▶ _Aim of the exercise_
None of the pictures should be copied, though every line of the listing must be printed exactly.

▶ _Data shown_
++++++++

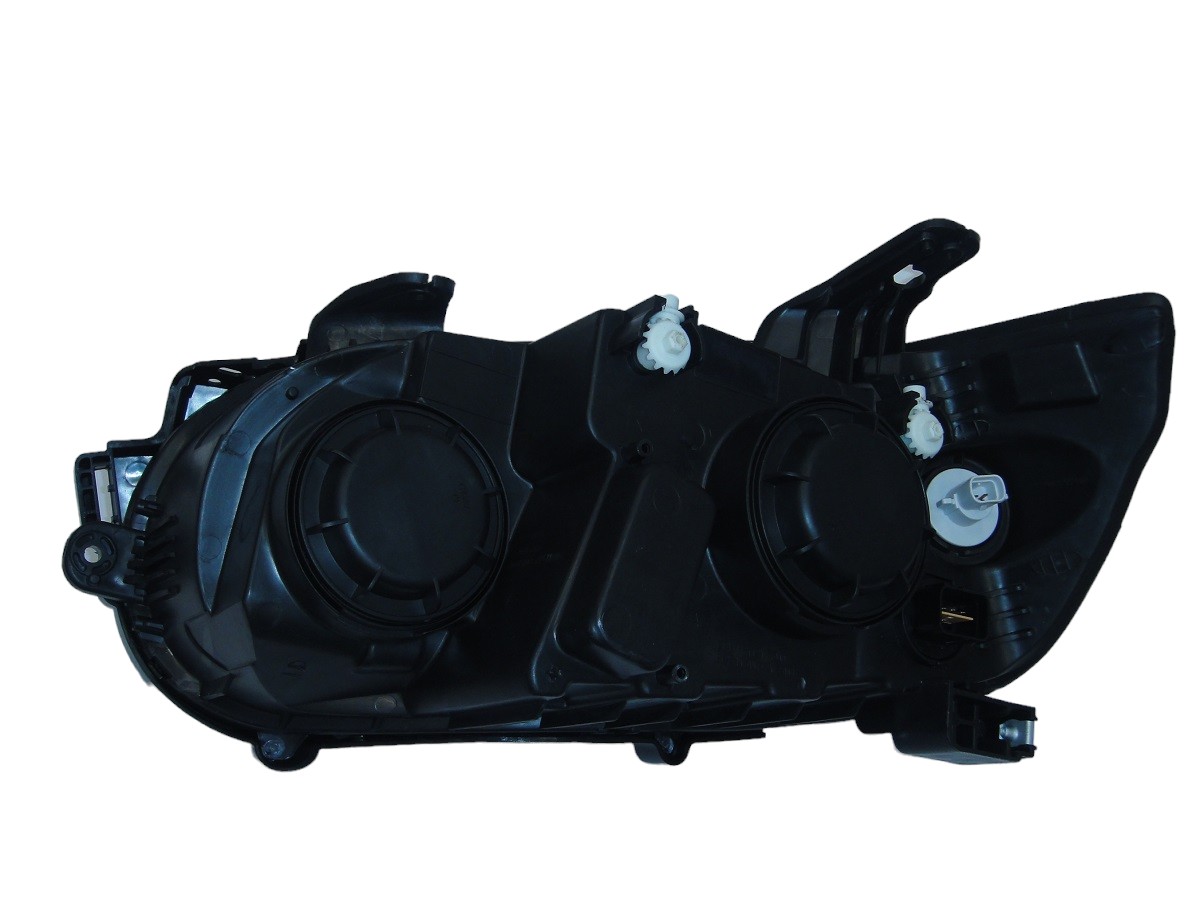 FARO SEMI OPTICO DERECHO CHEVROLET SONIC 2012/ *LTZ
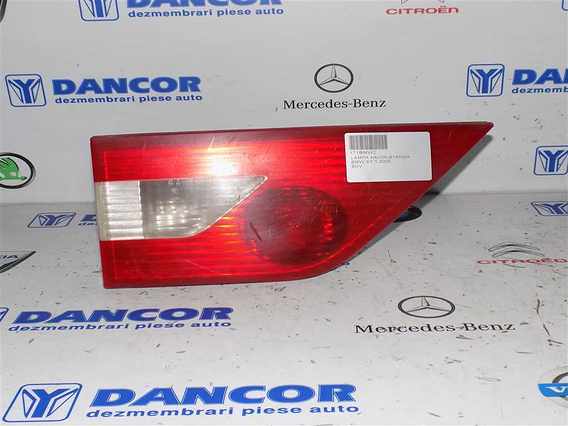 LAMPA HAION-STANGA BMW X3 2005 - Poza 1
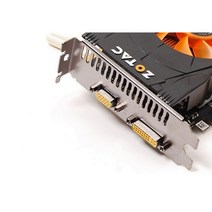 비디오 카드 ZOTAC GTX 550 Ti 1GB GPU GDDR5 그래픽 카드 NVIDIA Map GeForce GTX550 스크린 데스크탑 컴퓨터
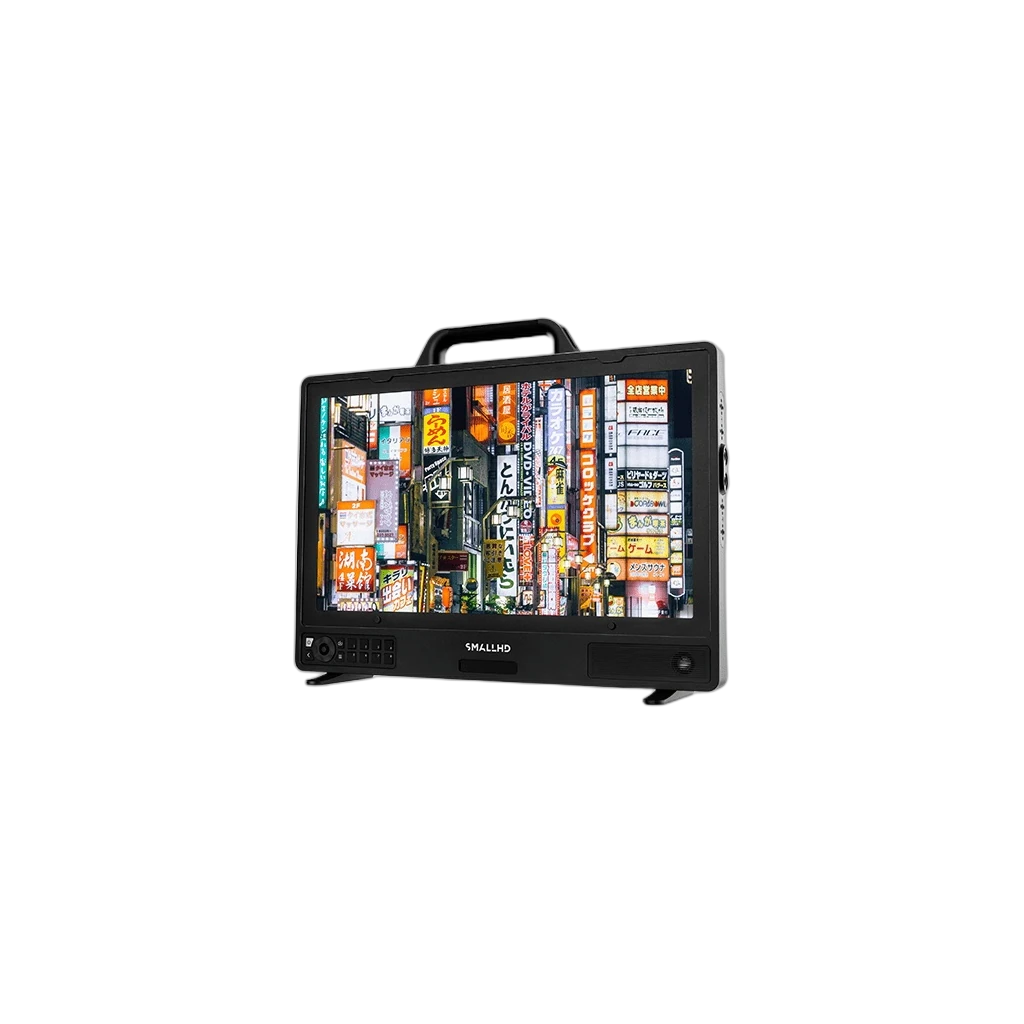 SmallHD Cine 24" 4K High Bright Pro Monitor 2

++++++++

▶ _Task result_
 FARO SEMI OPTICO DERECHO CHEVROLET SONIC 2012/ *LTZ
 LAMPA HAION-STANGA BMW X3 2005 - Poza 1
 비디오 카드 ZOTAC GTX 550 Ti 1GB GPU GDDR5 그래픽 카드 NVIDIA Map GeForce GTX550 스크린 데스크탑 컴퓨터
 SmallHD Cine 24" 4K High Bright Pro Monitor 2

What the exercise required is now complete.